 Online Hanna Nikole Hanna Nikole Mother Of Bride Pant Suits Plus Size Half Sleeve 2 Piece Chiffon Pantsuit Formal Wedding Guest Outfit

--------

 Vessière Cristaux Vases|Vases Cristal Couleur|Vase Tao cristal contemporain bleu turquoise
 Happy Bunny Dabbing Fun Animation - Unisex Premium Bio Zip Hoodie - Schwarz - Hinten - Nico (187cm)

--------

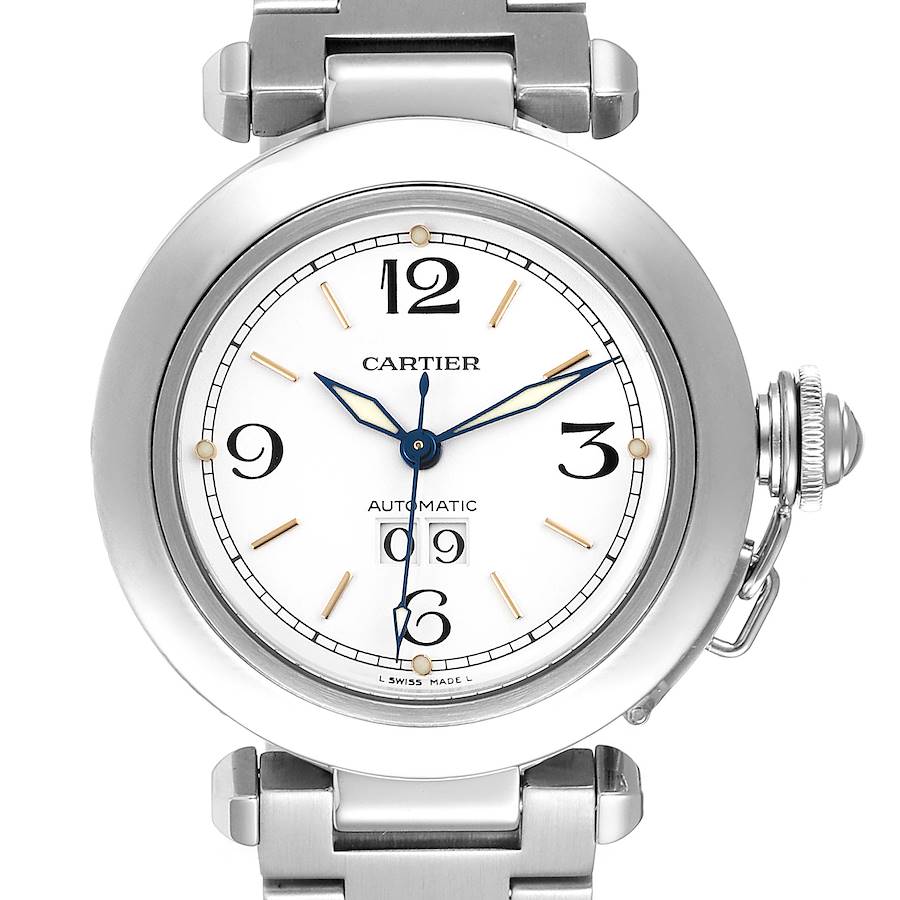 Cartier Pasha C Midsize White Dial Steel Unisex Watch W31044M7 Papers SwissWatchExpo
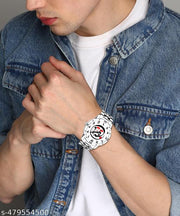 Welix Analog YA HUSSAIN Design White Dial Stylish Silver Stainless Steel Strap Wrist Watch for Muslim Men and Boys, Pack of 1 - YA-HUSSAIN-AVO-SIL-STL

--------

Task: Using the entries above, output exactly the lines between the line holding "Vessière Cristaux Vases|Vases" and the line holding "Happy Bunny Dabbing", end lines included, and nothing more.

Solution for this exercise:
 Vessière Cristaux Vases|Vases Cristal Couleur|Vase Tao cristal contemporain bleu turquoise
 Happy Bunny Dabbing Fun Animation - Unisex Premium Bio Zip Hoodie - Schwarz - Hinten - Nico (187cm)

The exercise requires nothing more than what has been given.